Work to complete: Copy every line of the entries that includes the word "Side".

Data provided:
· · · · ·
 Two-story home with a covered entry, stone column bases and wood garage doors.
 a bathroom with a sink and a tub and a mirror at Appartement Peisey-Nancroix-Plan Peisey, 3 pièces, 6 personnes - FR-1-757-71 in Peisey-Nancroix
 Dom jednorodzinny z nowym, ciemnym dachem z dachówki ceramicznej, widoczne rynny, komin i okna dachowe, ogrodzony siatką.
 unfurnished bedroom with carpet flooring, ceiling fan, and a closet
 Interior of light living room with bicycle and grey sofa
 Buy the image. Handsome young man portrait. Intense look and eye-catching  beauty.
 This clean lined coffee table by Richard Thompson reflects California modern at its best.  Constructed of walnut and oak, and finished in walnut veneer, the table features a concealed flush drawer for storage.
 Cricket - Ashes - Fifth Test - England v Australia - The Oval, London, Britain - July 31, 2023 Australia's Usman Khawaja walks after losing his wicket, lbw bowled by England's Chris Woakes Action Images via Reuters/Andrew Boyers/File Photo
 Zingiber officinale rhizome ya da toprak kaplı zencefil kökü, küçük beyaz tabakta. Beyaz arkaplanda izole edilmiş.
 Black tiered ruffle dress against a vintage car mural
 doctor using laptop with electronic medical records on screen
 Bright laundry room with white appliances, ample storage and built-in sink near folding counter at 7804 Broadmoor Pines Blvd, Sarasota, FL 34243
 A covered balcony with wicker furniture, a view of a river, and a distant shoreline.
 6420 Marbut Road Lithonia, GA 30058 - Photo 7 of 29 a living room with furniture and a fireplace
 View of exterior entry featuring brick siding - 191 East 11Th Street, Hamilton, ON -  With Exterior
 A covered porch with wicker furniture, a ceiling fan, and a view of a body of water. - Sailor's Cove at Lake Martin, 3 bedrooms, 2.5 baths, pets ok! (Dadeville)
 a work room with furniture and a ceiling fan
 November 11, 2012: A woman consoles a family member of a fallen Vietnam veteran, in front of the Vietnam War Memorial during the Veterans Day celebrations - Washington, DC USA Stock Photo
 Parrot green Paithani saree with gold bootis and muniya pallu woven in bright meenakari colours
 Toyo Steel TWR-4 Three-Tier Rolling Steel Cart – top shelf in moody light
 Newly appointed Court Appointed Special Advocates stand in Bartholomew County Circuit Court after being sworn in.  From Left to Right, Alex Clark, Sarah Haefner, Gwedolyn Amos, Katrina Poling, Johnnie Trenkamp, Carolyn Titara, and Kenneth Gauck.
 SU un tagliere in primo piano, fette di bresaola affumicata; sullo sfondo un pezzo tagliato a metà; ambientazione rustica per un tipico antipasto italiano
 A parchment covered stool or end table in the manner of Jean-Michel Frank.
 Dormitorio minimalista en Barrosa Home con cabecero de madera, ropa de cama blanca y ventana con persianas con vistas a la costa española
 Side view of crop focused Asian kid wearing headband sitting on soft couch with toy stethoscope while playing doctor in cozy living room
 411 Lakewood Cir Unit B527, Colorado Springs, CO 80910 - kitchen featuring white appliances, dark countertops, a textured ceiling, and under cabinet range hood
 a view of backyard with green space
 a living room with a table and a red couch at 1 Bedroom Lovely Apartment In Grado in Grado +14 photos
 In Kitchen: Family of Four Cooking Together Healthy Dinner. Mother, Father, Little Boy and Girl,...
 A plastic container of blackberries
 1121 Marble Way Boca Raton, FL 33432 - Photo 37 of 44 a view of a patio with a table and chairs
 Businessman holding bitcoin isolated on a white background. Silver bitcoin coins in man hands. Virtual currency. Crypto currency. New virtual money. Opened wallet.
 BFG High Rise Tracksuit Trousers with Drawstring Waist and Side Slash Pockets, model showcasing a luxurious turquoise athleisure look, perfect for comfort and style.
· · · · ·
Result:
 Side view of crop focused Asian kid wearing headband sitting on soft couch with toy stethoscope while playing doctor in cozy living room
 BFG High Rise Tracksuit Trousers with Drawstring Waist and Side Slash Pockets, model showcasing a luxurious turquoise athleisure look, perfect for comfort and style.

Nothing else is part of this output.